[AVAILABLE DATA — start]

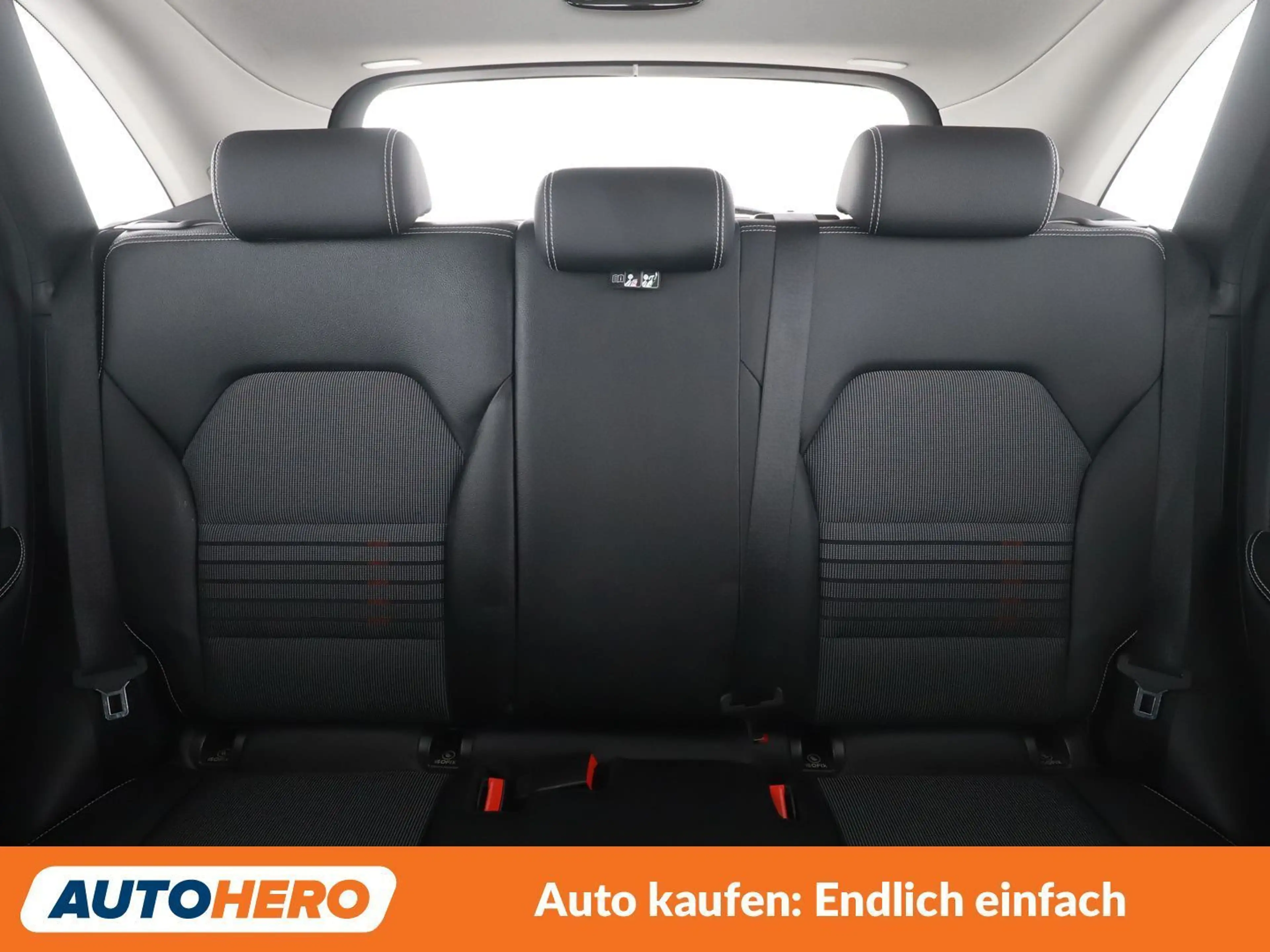 Mercedes-Benz B 220 B 220 d Edition Urban — photo 15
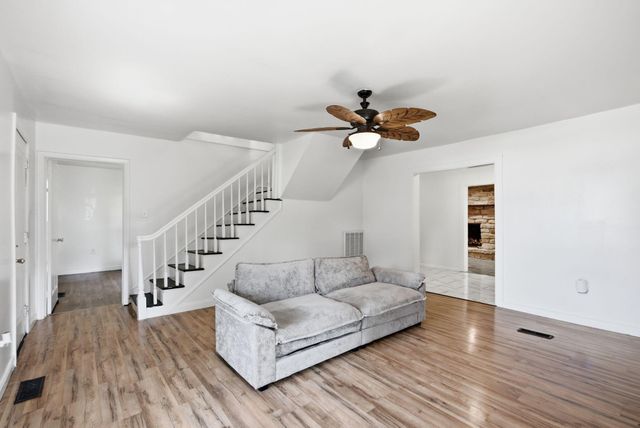 1040 Big Hill Road, Berea, KY 40403
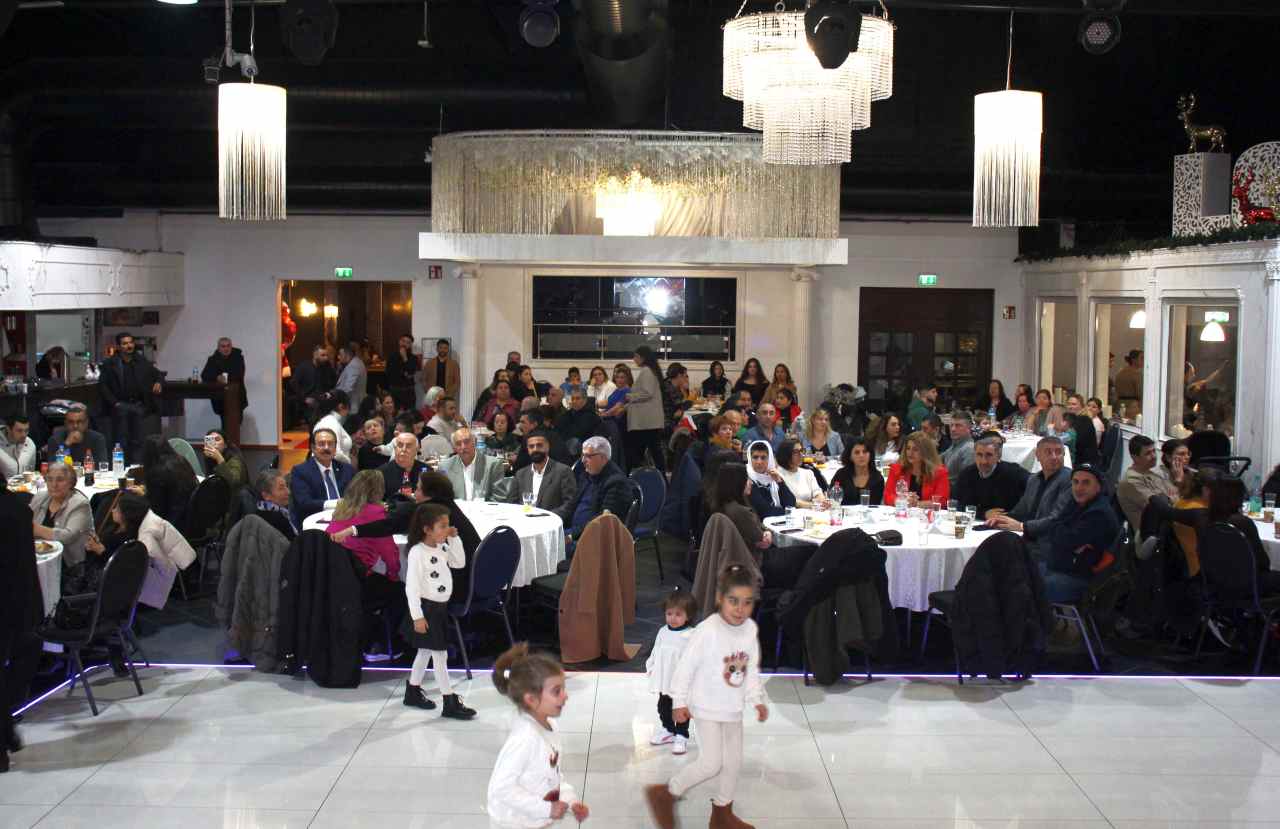 UETERSEN CEM EVİ’NİN 30. KURULUŞ YILI BÜYÜK COŞKUYLA KUTLANDI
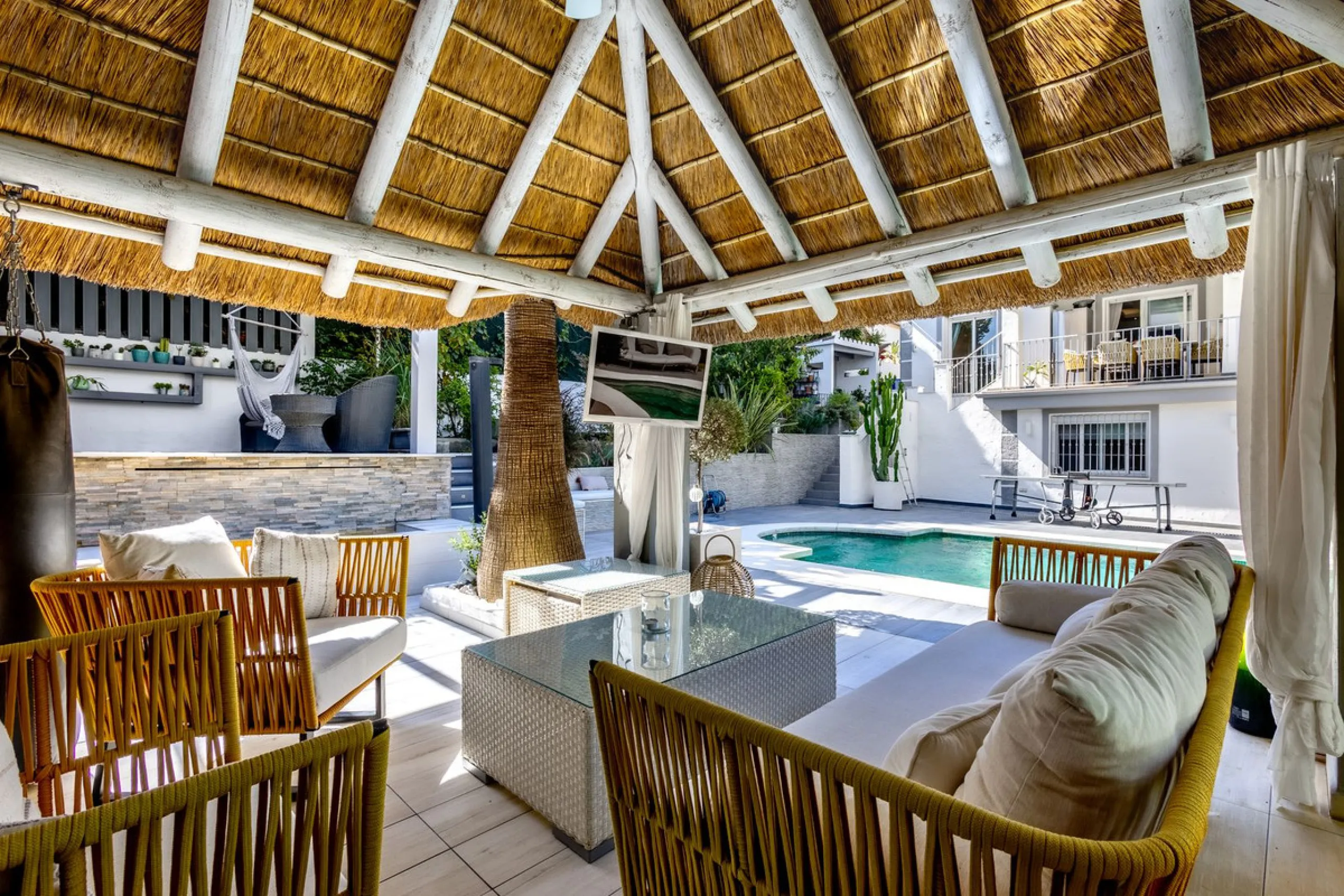 STUNNING SIX BEDROOM FULLY REFORMED AND UPGRADED VILLA.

[AVAILABLE DATA — finish]

### WHAT TO PRODUCE
Exactly the lines from the line with "UETERSEN CEM EVİ’NİN" through the end of the data are to be reproduced, and no picture is to be included.

### RESULT FOR THIS TASK
 UETERSEN CEM EVİ’NİN 30. KURULUŞ YILI BÜYÜK COŞKUYLA KUTLANDI
 STUNNING SIX BEDROOM FULLY REFORMED AND UPGRADED VILLA.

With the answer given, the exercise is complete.